The Overdogs Bite Back

Our corporate lords are a sensitive lot. They want it all. They want total control of the government and they want love and appreciation.

Who can blame them for being upset? They spend all that money to buy the government, hire all those lobbyists, all those PR people.

It’s true the politicians help them out when business is bad, but do they everything just the way the corporate overlords want? Apparently not.

Who knew?

And we don’t express enough love for them, or appreciate them enough for all the good things they say they do.

Instead, we brats just want them to pay more taxes, or put another way, the same rate of taxes they used to.

Even one of their own, Warren Buffet, tries to make them look bad by suggesting maybe they could afford to pay a little more in taxes.

Now the CEOs are mad as hell and they’re not going to take it any more.

And they've created a new more loveable name for themselves:  job creators? Who wouldn’t love a job creator?

They want to make sure they’re getting their message across about how swell they are. It’s called, wonderfully enough, the Job Creators Alliance.

In an odd coincidence, their message bears a striking resemblance to pure Republican propaganda. Even the tiniest speck of regulation appearing on the horizon, for example Dodd-Frank financial regulation, causes the job creators to tremble and quake, and stop doing the only thing they really care about – creating jobs.

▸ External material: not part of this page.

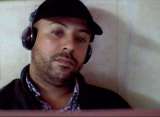 masseur casaoui professionnel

The Job Creators Alliance doesn’t blame the deep recession or the lack of demand for unemployment. They blame Dodd-Frank. This mild bit of financial regulation is blasted while the CEOs tote out one of the Republicans’ favorite phony themes – the financial collapse wasn’t caused by Wall Street greed, fraud and carelessness, but by Fannie Mae and Freddie Mac.

And the other big problem? You guessed it. Mandated health insurance.

Because both Dodd-Frank and mandated health insurance tamper with one of the job creators’ real sacred cows – the free market system.

As staunch defenders of the free market system, the CEO’s web site ought to be aflame with their righteous anger at the bailout and the Federal Reserve’s secret trillions in loans that propped up so many businesses in the wake of the economic collapse. But in what I’m sure is just an oversight, the job creators’ haven’t gotten around to posting about it yet.

 

 

 

 

 

 

 

 

 

 

 

 

 

 

 

 

 

 

 

 

 

 

 

 

 

 

 

Real Fraud, Faux Enforcement

The number one question people ask me when they find out I write about the financial crisis is: “How come nobody has gone to jail?”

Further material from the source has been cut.